## [TASK GOAL]
Would you transcribe the records below from the line with "Photo studio office" to the line with "Elegant foyer featuring", ends included, exactly and with nothing more, leaving the pictures out?

## [SOURCE DATA]
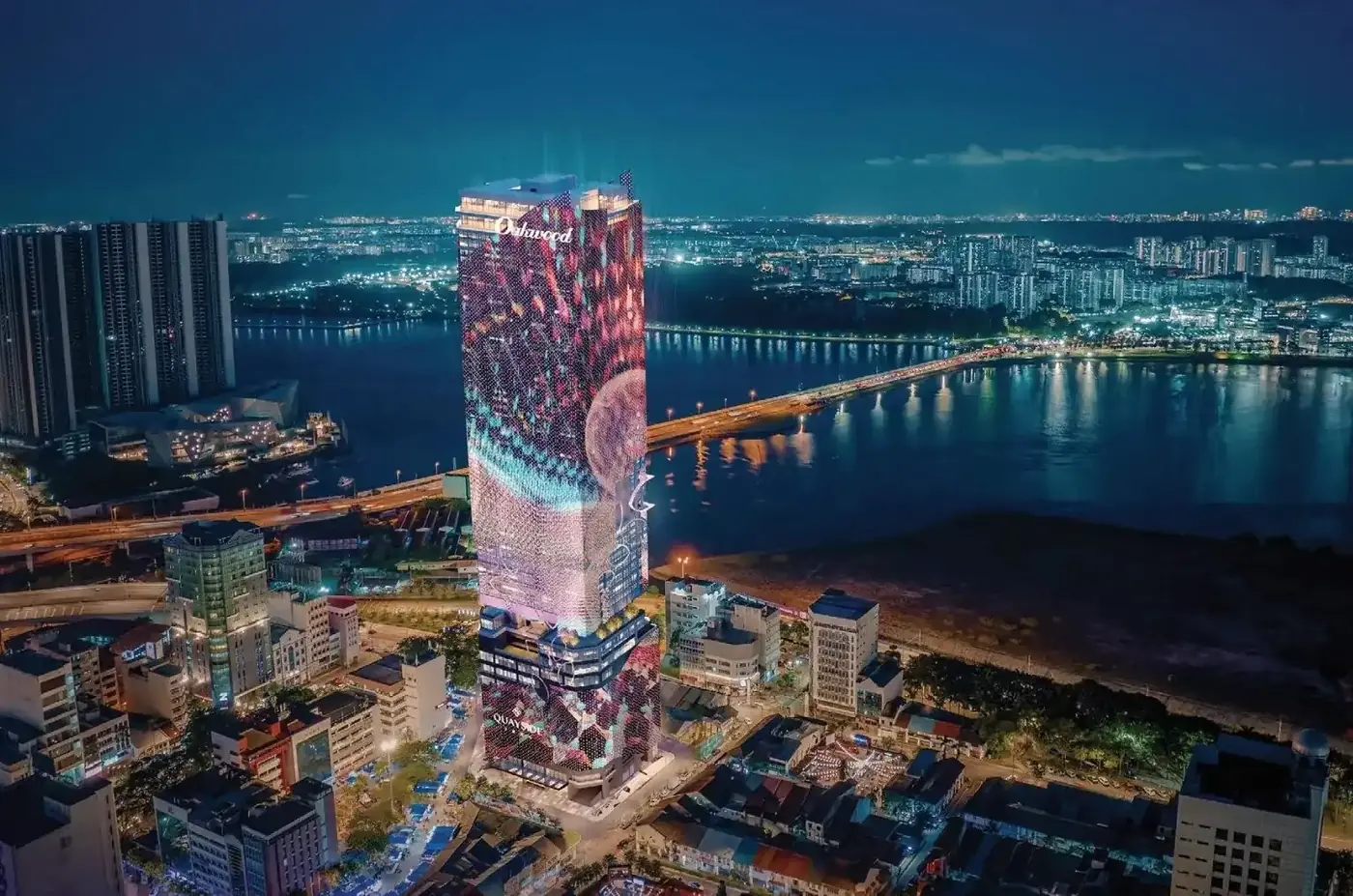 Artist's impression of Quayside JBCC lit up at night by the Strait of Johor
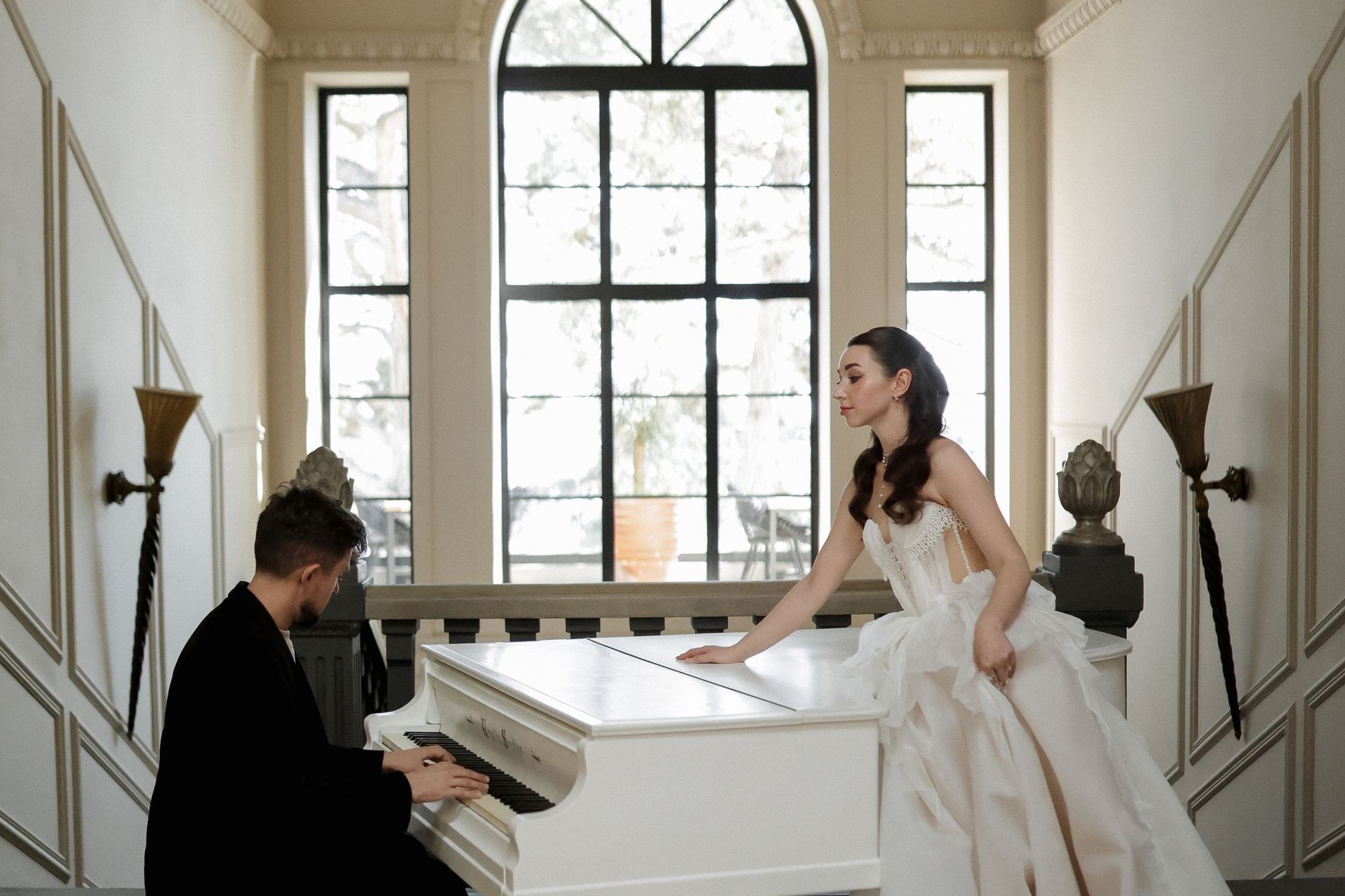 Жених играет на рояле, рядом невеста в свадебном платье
* * *
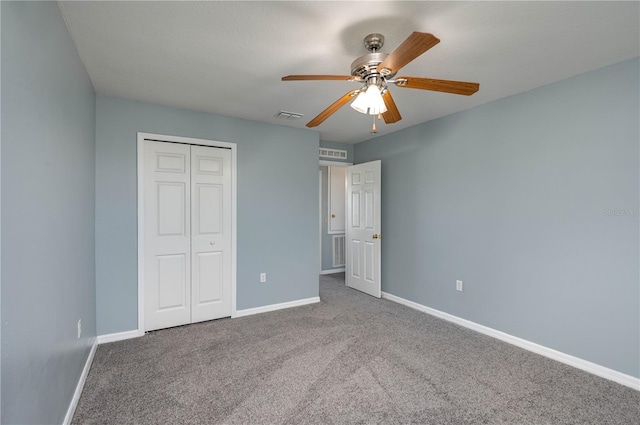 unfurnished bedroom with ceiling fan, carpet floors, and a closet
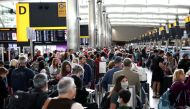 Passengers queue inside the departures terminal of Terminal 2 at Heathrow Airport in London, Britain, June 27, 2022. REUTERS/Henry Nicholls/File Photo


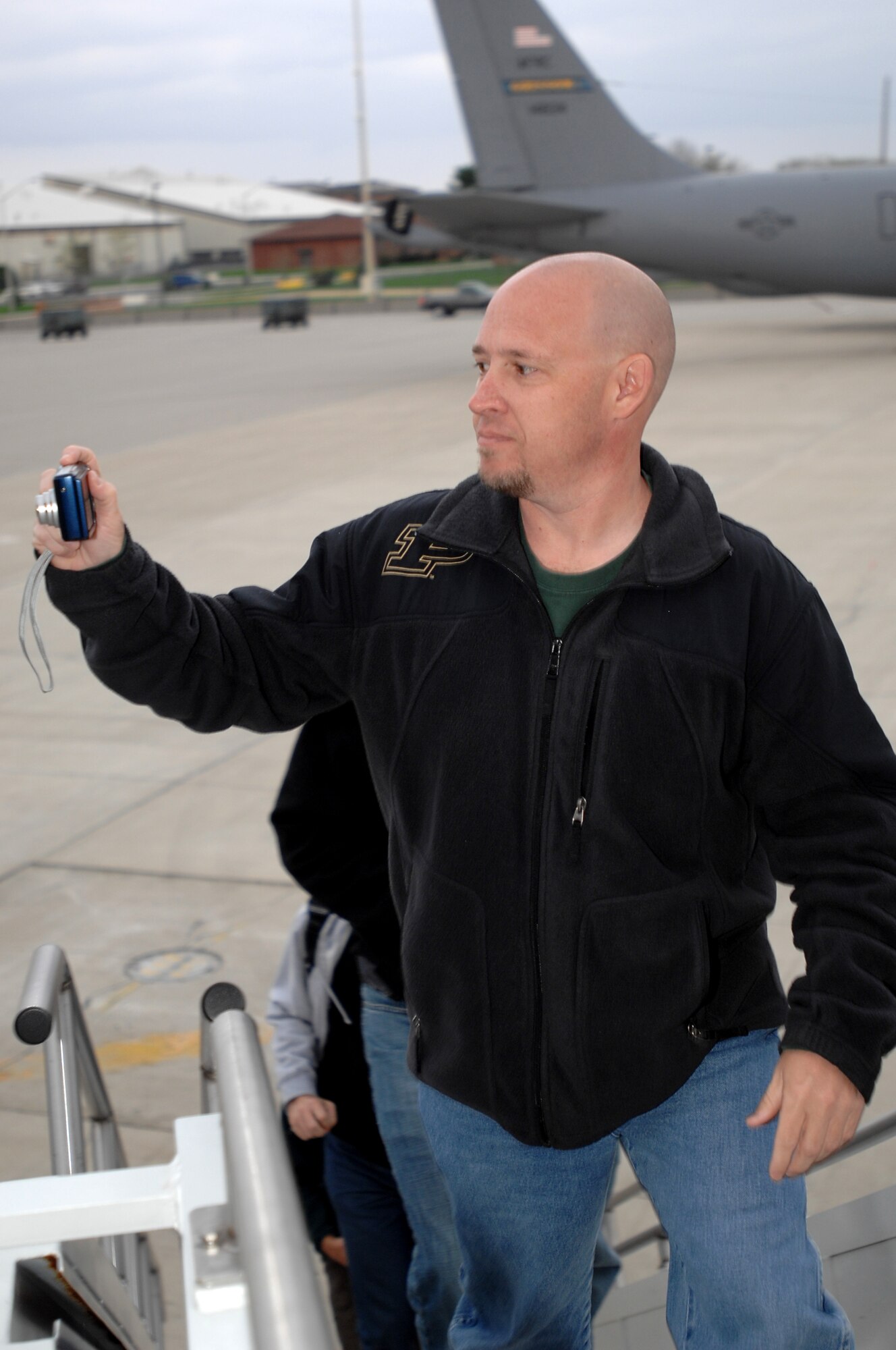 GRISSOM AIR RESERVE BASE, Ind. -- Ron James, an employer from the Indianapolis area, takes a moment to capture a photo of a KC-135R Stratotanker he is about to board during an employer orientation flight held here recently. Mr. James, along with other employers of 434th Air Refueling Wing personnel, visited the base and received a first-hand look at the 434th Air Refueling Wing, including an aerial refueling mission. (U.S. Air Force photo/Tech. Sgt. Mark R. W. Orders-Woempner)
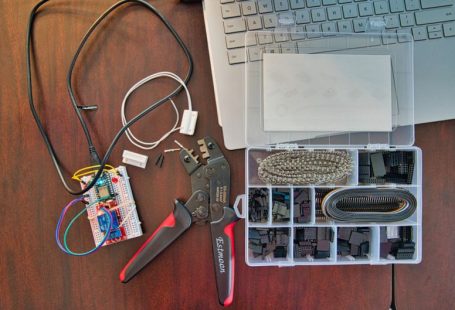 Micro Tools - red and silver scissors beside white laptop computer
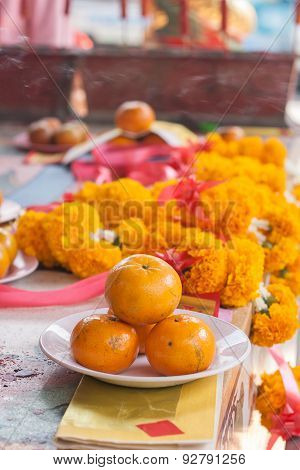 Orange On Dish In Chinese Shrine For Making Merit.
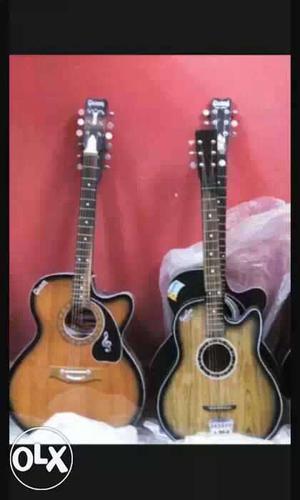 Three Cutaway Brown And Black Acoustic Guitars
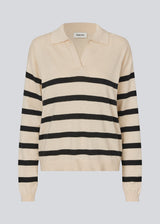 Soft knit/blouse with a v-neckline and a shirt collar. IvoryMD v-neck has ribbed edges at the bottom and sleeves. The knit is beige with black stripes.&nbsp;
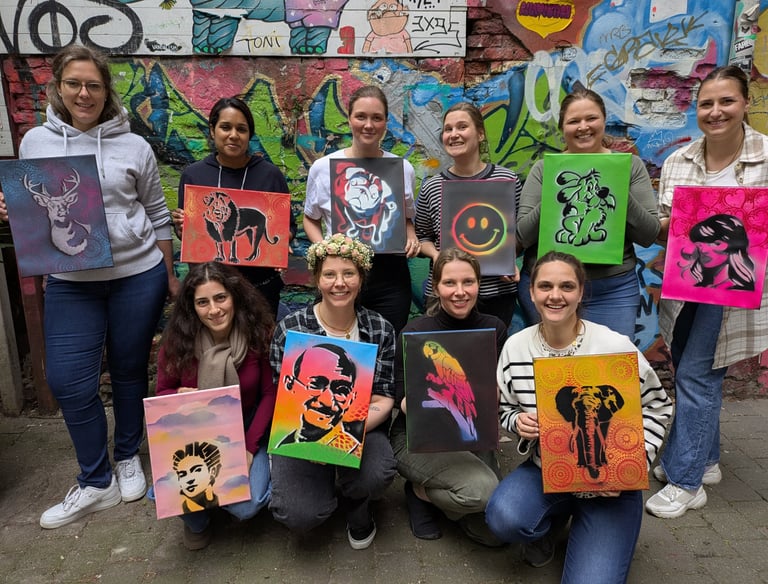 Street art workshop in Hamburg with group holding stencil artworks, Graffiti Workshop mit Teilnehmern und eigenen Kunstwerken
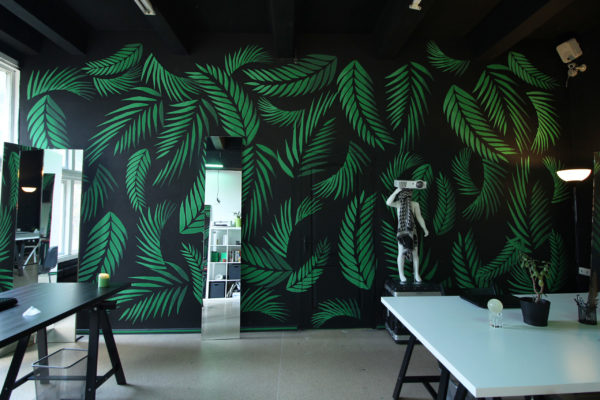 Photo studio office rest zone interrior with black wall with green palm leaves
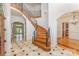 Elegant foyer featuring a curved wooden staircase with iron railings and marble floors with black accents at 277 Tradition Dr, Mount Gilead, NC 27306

## [TASK RESPONSE]
 Photo studio office rest zone interrior with black wall with green palm leaves
 Elegant foyer featuring a curved wooden staircase with iron railings and marble floors with black accents at 277 Tradition Dr, Mount Gilead, NC 27306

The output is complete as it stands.